Thursday, July 29, 2010

Relationship Week continues- Katrina Style!

I'm happy to be bringing you another Relationship Week installment, this time from my life long friend Katrina. There are only a few people in this world I can say I have known since birth or toddler-hood- Katrina is one of them. She's always been a ton of fun, outspoken, a little crazy in the best of ways, insanely talented, musical like you wouldn't believe, and good to everyone. And my favorite part about her- she completely and in every way defines the old cliche "marches to the beat of her own drummer." Some people just think they are are unique and different, Katrina really is, and she's all the better for it. My favorite part about her? Her wedding cake! (See below.) Sixteen years later and I still remember thinking, "just how long do I have to wait to get married before I totally rip off her wedding cake?" I've always felt comfortable and loved when I visit her family's home. Her parents were well-known to me. Her dad was my early-morning seminary teacher. I always look forward to running into her folks just for the big hugs and sincerely happy greetings. Thanks Katrina, I hope I get to see you soon!

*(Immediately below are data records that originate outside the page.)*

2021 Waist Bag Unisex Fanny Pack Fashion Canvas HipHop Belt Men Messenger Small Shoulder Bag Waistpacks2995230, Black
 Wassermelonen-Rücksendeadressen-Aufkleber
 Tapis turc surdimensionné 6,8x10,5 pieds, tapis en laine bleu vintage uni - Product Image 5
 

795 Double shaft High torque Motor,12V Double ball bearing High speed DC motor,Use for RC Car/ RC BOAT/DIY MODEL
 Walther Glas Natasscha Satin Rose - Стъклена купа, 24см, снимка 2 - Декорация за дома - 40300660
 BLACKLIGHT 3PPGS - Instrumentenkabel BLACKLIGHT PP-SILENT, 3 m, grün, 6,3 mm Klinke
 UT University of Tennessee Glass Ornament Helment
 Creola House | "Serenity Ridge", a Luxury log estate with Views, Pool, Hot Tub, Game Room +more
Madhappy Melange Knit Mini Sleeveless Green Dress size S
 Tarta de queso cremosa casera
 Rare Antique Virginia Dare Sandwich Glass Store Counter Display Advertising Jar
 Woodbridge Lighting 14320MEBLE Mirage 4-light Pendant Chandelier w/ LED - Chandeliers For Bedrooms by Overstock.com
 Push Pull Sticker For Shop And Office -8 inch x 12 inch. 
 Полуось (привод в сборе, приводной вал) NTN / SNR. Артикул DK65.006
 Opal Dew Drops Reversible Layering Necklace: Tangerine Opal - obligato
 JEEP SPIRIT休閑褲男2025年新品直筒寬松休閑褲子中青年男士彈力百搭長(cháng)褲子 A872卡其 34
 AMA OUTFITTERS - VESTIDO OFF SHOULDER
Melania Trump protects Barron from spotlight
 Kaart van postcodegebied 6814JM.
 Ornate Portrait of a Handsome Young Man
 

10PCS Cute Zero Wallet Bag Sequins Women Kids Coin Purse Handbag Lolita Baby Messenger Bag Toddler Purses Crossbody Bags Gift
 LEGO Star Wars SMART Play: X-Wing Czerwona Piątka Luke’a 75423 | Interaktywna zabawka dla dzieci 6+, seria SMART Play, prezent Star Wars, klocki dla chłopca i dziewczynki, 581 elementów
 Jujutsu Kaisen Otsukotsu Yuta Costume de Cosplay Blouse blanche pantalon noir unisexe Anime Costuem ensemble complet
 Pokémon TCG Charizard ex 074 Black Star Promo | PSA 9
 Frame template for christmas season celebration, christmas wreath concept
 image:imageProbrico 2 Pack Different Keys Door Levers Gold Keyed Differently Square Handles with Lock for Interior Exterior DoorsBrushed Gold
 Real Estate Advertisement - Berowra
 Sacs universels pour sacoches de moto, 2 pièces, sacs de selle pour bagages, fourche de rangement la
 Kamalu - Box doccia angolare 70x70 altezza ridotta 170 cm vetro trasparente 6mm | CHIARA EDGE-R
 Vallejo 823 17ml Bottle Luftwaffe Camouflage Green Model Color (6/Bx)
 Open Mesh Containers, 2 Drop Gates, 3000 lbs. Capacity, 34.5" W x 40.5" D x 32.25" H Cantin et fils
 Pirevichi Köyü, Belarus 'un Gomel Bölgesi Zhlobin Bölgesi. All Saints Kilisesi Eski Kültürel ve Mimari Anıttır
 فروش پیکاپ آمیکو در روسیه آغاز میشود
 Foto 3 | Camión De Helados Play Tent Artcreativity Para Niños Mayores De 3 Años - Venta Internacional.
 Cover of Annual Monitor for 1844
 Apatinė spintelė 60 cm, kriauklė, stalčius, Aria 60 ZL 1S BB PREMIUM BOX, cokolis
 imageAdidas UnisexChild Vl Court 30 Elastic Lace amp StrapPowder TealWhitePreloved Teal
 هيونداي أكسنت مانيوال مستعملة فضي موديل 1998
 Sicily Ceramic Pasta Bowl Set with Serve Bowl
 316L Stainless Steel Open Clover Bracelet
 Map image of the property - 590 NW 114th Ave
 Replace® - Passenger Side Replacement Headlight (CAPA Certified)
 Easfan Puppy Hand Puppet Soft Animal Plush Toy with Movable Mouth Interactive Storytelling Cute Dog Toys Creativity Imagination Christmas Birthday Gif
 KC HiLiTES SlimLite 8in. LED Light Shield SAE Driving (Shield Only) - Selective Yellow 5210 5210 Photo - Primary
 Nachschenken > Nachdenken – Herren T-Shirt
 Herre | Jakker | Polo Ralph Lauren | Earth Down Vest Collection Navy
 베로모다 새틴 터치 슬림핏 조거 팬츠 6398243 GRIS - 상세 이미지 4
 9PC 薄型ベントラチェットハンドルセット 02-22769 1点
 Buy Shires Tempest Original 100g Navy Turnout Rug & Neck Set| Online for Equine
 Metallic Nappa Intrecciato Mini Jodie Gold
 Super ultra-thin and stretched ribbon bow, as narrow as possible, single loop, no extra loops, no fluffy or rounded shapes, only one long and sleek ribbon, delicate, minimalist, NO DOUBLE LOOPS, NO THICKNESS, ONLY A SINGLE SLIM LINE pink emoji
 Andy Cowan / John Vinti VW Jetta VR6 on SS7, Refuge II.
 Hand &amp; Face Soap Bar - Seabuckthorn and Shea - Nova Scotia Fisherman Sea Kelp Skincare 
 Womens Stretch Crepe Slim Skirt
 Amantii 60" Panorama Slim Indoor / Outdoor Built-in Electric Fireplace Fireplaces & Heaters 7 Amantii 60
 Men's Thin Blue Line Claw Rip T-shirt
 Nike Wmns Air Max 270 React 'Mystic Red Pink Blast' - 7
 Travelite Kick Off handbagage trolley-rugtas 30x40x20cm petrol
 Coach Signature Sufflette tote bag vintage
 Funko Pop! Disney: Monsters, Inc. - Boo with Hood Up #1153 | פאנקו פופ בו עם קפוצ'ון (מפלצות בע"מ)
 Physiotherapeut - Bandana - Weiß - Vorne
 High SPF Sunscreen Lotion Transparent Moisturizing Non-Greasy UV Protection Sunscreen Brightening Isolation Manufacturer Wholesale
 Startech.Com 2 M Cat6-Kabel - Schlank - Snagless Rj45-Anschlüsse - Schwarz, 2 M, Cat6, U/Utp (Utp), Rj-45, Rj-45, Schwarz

The beauty of a relationship is its uniqueness. There are no two alike. My husband and I met my first day of college and his first day back after a 2 year break for an LDS mission. Monday, 8am, music theory. He was the guy in the back row with a bad haircut who knew all the answers and I was the one in the front row who only sat there when I showed up, usually late. I mean, come on, music theory at 8am on Monday mornings. Ugh! We did not like each other. At all. I have an entry in my journal from that time period that mentions him in a not so flattering manner. It took us 3 years, 5 roommates, 4 serious relationships and one spiritual experience before we started dating. What can I say? We’re stubborn.
That was all 16 years ago. We are still as stubborn and bullheaded but have learned how we make our marriage work. It’s not the same “work” as earlier stages in marriage, where you are still figuring each other out, and “dealing” with each others quirks, the work now is honing and building on those cornerstones we have put down and loving those quirks.
Understanding the full depth of who this man is enthralls me. He was raised in a very different home than me. His Dad died when he was young, and his Mom married a man that was, to put it mildly, not very kind. He was raised in a very rural setting and worked on his grandpa’s farm. Neither he, nor his family, were members of the LDS church (he joined the church all on his own at age 12). He held a job, sometimes 2-3, from the time he was 13 to be able to pay for his own car, insurance and personal food.
I grew up in a large LDS family, blessed with parents who were extremely faithful in church service, and were blessed with a prosperous life. I lived in a beautiful home in the Washington DC suburbs, where I met Erin, and was encouraged not to hold a full-time job so that I could focus more on my studies. Everything I needed I was given. I still had to work at home, by doing chores, such as weeding, cleaning the pool and keeping my car clean, but I lived a very charmed life.
Looking at these two family pictures you may think that merging those two cultures could be very difficult. Trust me, it is. So, how do we make it work? Forgiveness. Forgiving each others shortcomings and forgiving yourself of your own imperfections. We are best friends. There is no one else in this world that I would rather spend time with. He is the first person I think of in the morning, and the last I think of at night. That’s not to say I don’t have friends, nor am I co-dependent. I love him passionately. He allows me to be the nutty, dorky, impassioned person that I am, and I allow him to be the nutty, dorky impassioned person he is. We both realize that neither one of us is perfect, and know that we cannot expect that of the other person. It’s frustrating to not have had the same structure growing up, but we pound out our own life, our own way of being instead of being stuck on one right or one wrong. We have always made our own choices that help us define who we are. Some people have gorgeous 7 tiered white wedding cakes, we had a gorgeous 5 tiered rice krispie treat cake. It’s all relative.
Allow yourself to be who you are, and allow the person in your life to be themselves. People can change, but it cannot be forced. Have Fun! Enjoy who you are with. Learn from them, and share with them your uniqueness.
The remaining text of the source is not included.